Restate word for word every line from the top of the data below down through the line that holds "狙击手特种兵简笔画儿童画画法 非常的简单特种兵简笔画大全".

MATERIAL SHOWN –
--- START ---
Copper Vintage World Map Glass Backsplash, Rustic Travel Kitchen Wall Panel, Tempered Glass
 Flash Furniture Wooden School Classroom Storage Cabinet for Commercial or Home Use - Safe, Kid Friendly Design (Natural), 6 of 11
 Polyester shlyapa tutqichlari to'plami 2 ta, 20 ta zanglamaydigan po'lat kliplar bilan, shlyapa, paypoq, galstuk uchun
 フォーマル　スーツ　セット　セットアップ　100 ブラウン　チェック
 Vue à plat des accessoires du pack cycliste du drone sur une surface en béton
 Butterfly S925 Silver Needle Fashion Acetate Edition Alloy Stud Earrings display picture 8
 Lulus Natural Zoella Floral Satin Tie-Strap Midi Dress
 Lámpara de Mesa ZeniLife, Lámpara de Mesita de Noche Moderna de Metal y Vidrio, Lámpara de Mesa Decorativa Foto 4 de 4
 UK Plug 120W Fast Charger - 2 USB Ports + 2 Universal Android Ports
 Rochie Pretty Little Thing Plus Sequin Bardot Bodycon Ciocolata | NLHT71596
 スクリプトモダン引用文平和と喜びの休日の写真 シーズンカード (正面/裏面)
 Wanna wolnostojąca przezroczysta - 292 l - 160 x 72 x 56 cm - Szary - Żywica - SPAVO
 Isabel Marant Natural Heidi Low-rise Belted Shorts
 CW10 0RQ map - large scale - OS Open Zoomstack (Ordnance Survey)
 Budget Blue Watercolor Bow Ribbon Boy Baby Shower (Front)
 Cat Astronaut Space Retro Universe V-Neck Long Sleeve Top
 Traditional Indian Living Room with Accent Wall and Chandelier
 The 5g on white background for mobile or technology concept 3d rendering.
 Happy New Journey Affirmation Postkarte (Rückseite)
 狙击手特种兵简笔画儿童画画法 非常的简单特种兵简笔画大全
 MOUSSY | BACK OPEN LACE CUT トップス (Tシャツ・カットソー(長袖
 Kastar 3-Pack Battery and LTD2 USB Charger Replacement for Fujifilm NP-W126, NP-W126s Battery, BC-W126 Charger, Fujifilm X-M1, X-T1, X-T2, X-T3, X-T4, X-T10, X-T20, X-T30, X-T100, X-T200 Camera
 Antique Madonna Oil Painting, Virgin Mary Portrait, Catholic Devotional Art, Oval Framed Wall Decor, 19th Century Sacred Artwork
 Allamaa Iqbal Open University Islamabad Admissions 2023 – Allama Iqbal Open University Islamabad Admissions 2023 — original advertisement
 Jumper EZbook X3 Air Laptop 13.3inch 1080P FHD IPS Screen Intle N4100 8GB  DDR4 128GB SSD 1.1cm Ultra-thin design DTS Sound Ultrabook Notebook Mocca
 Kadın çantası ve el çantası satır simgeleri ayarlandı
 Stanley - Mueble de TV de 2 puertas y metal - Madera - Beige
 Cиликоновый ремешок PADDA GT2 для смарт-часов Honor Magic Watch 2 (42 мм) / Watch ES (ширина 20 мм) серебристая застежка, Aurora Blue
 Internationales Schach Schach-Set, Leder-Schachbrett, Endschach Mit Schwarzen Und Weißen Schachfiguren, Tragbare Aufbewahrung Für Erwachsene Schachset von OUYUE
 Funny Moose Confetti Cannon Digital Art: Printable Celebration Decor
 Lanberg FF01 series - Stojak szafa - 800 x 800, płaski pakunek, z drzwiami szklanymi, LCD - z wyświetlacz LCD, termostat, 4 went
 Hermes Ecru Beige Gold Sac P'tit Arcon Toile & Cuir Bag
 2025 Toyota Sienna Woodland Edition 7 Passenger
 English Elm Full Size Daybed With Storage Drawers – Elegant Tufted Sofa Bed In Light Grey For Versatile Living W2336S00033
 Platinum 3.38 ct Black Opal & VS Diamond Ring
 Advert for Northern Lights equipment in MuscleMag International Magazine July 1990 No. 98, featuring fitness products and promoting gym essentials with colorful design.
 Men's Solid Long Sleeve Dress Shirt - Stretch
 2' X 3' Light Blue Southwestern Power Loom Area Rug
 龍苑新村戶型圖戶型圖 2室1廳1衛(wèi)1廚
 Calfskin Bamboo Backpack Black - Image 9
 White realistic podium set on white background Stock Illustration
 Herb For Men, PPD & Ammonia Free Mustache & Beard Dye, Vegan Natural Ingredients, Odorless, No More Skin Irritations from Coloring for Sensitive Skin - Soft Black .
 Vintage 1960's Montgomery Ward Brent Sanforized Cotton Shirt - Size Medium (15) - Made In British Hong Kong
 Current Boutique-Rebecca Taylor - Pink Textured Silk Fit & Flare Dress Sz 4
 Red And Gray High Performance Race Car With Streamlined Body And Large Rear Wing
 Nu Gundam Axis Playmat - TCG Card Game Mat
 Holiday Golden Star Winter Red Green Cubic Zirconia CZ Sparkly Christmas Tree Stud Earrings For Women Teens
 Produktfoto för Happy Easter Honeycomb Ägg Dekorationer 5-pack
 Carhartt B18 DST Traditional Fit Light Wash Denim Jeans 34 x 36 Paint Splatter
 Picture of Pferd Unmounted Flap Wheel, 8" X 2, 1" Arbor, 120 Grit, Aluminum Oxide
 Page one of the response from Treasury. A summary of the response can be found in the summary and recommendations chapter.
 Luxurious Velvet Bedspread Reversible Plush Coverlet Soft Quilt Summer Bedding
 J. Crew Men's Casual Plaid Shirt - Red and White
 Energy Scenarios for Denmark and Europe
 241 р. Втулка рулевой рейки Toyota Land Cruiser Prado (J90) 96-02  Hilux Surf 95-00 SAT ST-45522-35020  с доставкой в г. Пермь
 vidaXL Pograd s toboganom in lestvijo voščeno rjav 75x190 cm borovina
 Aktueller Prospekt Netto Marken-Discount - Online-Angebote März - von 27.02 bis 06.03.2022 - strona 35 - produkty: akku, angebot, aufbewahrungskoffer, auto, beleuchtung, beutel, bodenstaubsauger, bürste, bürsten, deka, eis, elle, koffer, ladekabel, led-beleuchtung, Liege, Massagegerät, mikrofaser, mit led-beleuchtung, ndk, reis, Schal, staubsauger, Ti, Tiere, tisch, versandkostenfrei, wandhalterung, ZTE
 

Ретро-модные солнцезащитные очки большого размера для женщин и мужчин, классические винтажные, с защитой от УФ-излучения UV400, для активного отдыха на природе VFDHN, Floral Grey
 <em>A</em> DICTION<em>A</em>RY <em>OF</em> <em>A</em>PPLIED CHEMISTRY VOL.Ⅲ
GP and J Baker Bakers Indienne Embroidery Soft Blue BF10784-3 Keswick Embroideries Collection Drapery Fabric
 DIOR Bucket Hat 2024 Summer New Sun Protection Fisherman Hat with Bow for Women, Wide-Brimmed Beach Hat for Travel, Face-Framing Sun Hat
--- END ---
WRITTEN ANSWER –
Copper Vintage World Map Glass Backsplash, Rustic Travel Kitchen Wall Panel, Tempered Glass
 Flash Furniture Wooden School Classroom Storage Cabinet for Commercial or Home Use - Safe, Kid Friendly Design (Natural), 6 of 11
 Polyester shlyapa tutqichlari to'plami 2 ta, 20 ta zanglamaydigan po'lat kliplar bilan, shlyapa, paypoq, galstuk uchun
 フォーマル　スーツ　セット　セットアップ　100 ブラウン　チェック
 Vue à plat des accessoires du pack cycliste du drone sur une surface en béton
 Butterfly S925 Silver Needle Fashion Acetate Edition Alloy Stud Earrings display picture 8
 Lulus Natural Zoella Floral Satin Tie-Strap Midi Dress
 Lámpara de Mesa ZeniLife, Lámpara de Mesita de Noche Moderna de Metal y Vidrio, Lámpara de Mesa Decorativa Foto 4 de 4
 UK Plug 120W Fast Charger - 2 USB Ports + 2 Universal Android Ports
 Rochie Pretty Little Thing Plus Sequin Bardot Bodycon Ciocolata | NLHT71596
 スクリプトモダン引用文平和と喜びの休日の写真 シーズンカード (正面/裏面)
 Wanna wolnostojąca przezroczysta - 292 l - 160 x 72 x 56 cm - Szary - Żywica - SPAVO
 Isabel Marant Natural Heidi Low-rise Belted Shorts
 CW10 0RQ map - large scale - OS Open Zoomstack (Ordnance Survey)
 Budget Blue Watercolor Bow Ribbon Boy Baby Shower (Front)
 Cat Astronaut Space Retro Universe V-Neck Long Sleeve Top
 Traditional Indian Living Room with Accent Wall and Chandelier
 The 5g on white background for mobile or technology concept 3d rendering.
 Happy New Journey Affirmation Postkarte (Rückseite)
 狙击手特种兵简笔画儿童画画法 非常的简单特种兵简笔画大全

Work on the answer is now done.